(Dataset items)

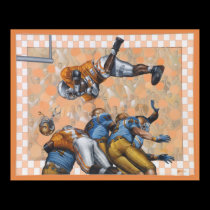 football action posters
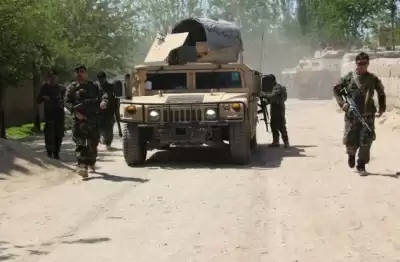 अफगान सुरक्षा बलों ने आईएस के ठिकानों पर मारे छापे : अधिकारी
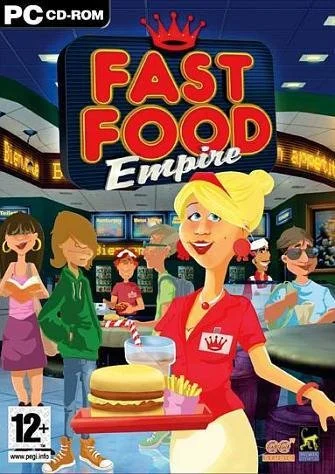 Jaquette de Fast food empire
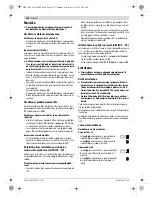 Preview for 150 page of Bosch AdvancedVac 20 Original Instructions Manual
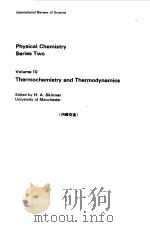 PHYSICAL CHEMISTRY SERIES TWO VOLUME10     PDF电子版封面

» **DIRECTIONS**
Excluding the pictures, restate word for word the lines from the one that holds "Preview for 150" through the last line of the entries, both ends included.

» **REPLY TO THE TASK**
 Preview for 150 page of Bosch AdvancedVac 20 Original Instructions Manual
 PHYSICAL CHEMISTRY SERIES TWO VOLUME10     PDF电子版封面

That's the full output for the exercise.